[Records to process]:
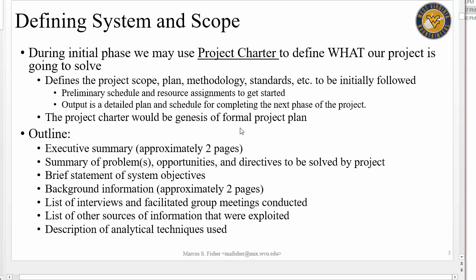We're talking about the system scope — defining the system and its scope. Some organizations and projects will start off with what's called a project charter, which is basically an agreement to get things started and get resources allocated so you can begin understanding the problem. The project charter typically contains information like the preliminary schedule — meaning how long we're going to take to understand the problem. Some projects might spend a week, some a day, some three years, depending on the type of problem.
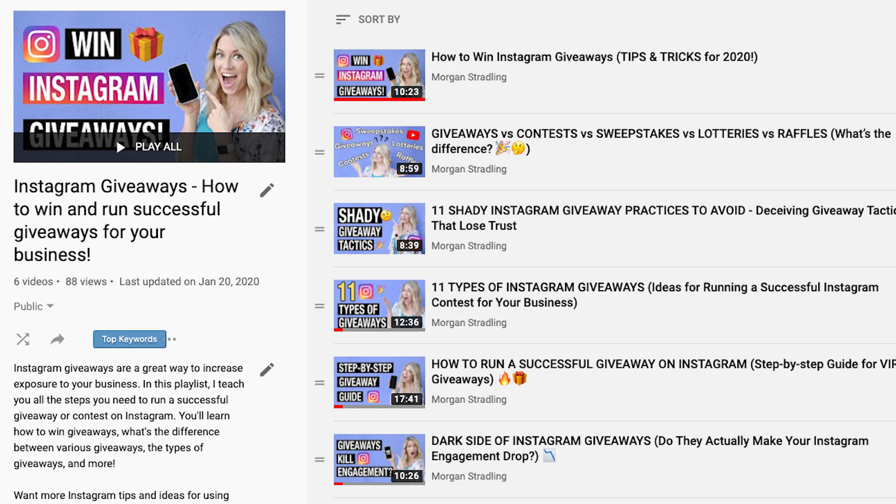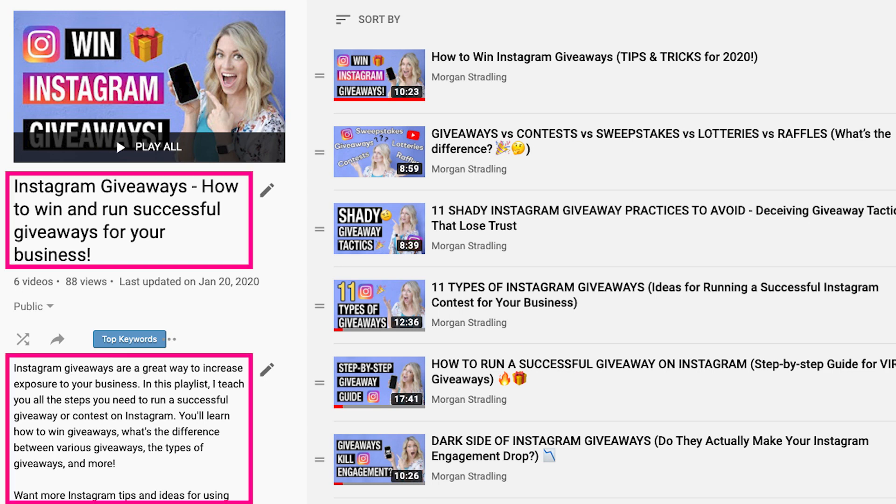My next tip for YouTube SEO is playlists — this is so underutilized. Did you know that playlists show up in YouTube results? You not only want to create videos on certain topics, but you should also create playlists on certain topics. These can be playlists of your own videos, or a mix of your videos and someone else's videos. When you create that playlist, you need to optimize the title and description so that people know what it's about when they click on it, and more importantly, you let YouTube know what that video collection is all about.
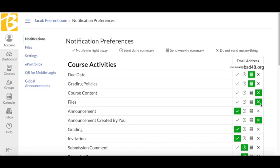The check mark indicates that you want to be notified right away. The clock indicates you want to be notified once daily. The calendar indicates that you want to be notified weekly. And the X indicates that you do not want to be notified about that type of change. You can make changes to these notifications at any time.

--

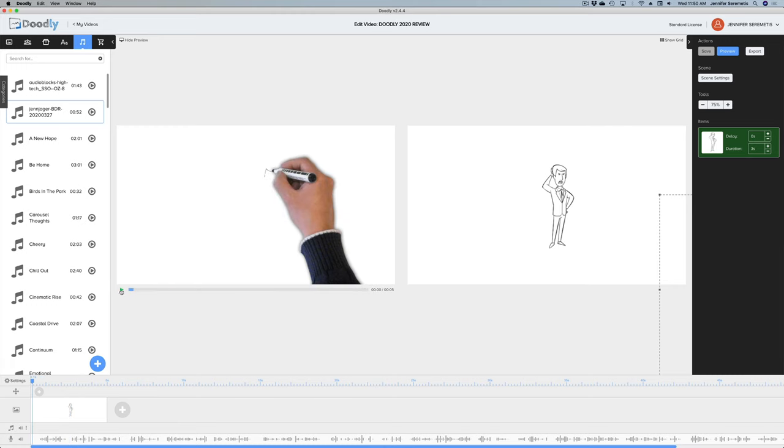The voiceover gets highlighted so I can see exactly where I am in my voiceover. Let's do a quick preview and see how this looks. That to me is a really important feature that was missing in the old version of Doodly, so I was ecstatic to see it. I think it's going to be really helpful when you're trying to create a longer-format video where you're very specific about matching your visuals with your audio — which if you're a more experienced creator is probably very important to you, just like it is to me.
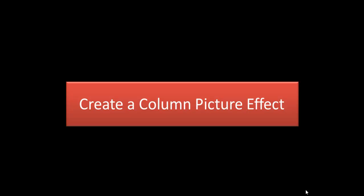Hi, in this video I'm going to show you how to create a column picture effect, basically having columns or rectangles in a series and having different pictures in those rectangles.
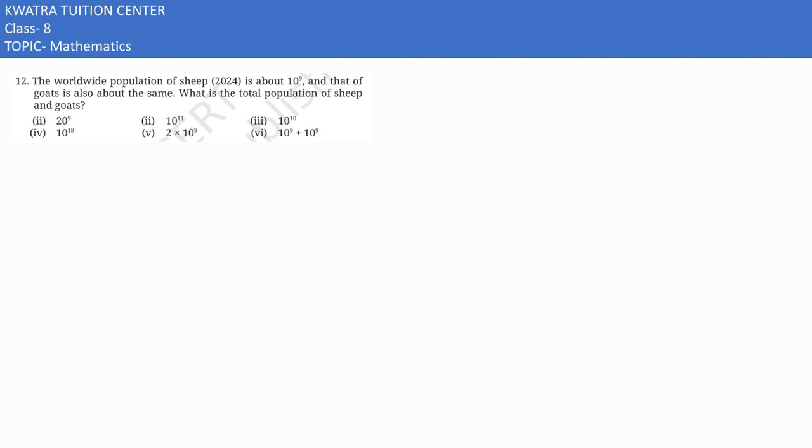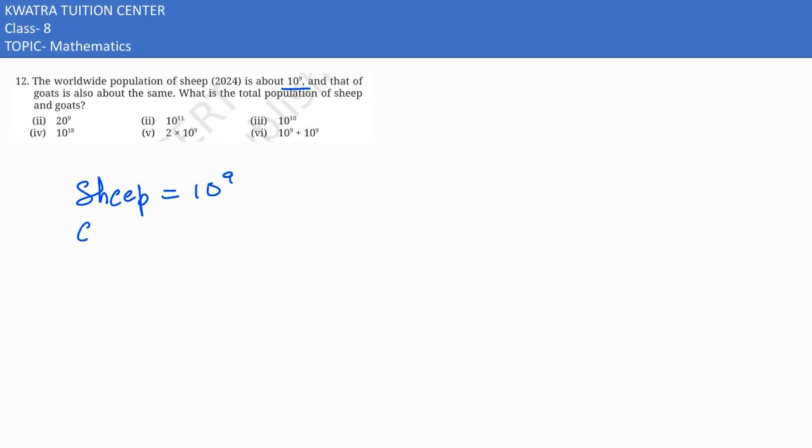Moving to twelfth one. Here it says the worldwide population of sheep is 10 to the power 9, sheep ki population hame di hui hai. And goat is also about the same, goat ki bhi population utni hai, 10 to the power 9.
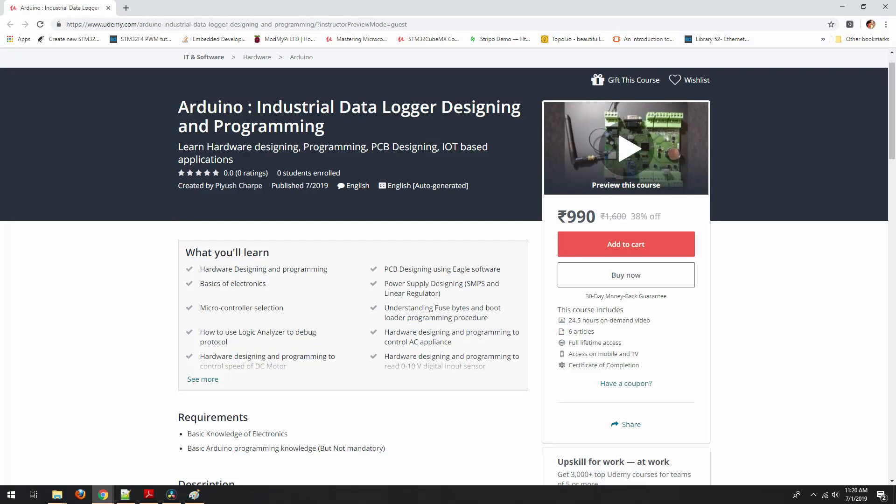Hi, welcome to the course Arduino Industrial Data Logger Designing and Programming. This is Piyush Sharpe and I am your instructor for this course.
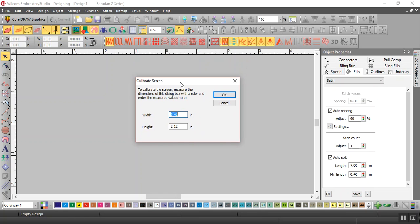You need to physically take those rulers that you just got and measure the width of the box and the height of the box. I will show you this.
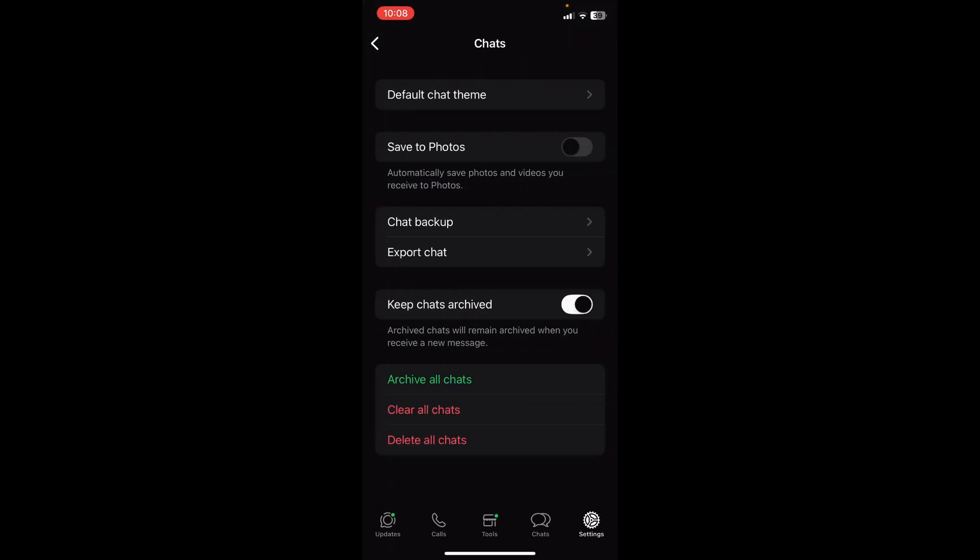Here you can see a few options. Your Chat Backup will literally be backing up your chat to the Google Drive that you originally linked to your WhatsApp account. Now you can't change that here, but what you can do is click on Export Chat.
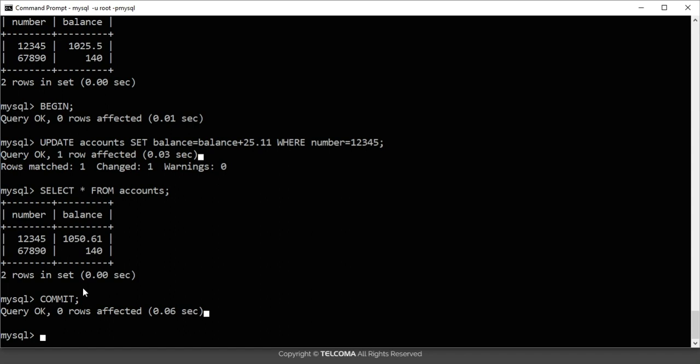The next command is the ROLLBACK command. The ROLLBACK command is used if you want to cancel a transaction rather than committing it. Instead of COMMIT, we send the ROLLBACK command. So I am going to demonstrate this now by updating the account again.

[Exercise directions]: A clean copy is needed of the lines in the listing above from the one with "You need to physically" through the one with "The next command", exact in every word and free of pictures.

[Answer to this task]:
You need to physically take those rulers that you just got and measure the width of the box and the height of the box. I will show you this.
Here you can see a few options. Your Chat Backup will literally be backing up your chat to the Google Drive that you originally linked to your WhatsApp account. Now you can't change that here, but what you can do is click on Export Chat.
The next command is the ROLLBACK command. The ROLLBACK command is used if you want to cancel a transaction rather than committing it. Instead of COMMIT, we send the ROLLBACK command. So I am going to demonstrate this now by updating the account again.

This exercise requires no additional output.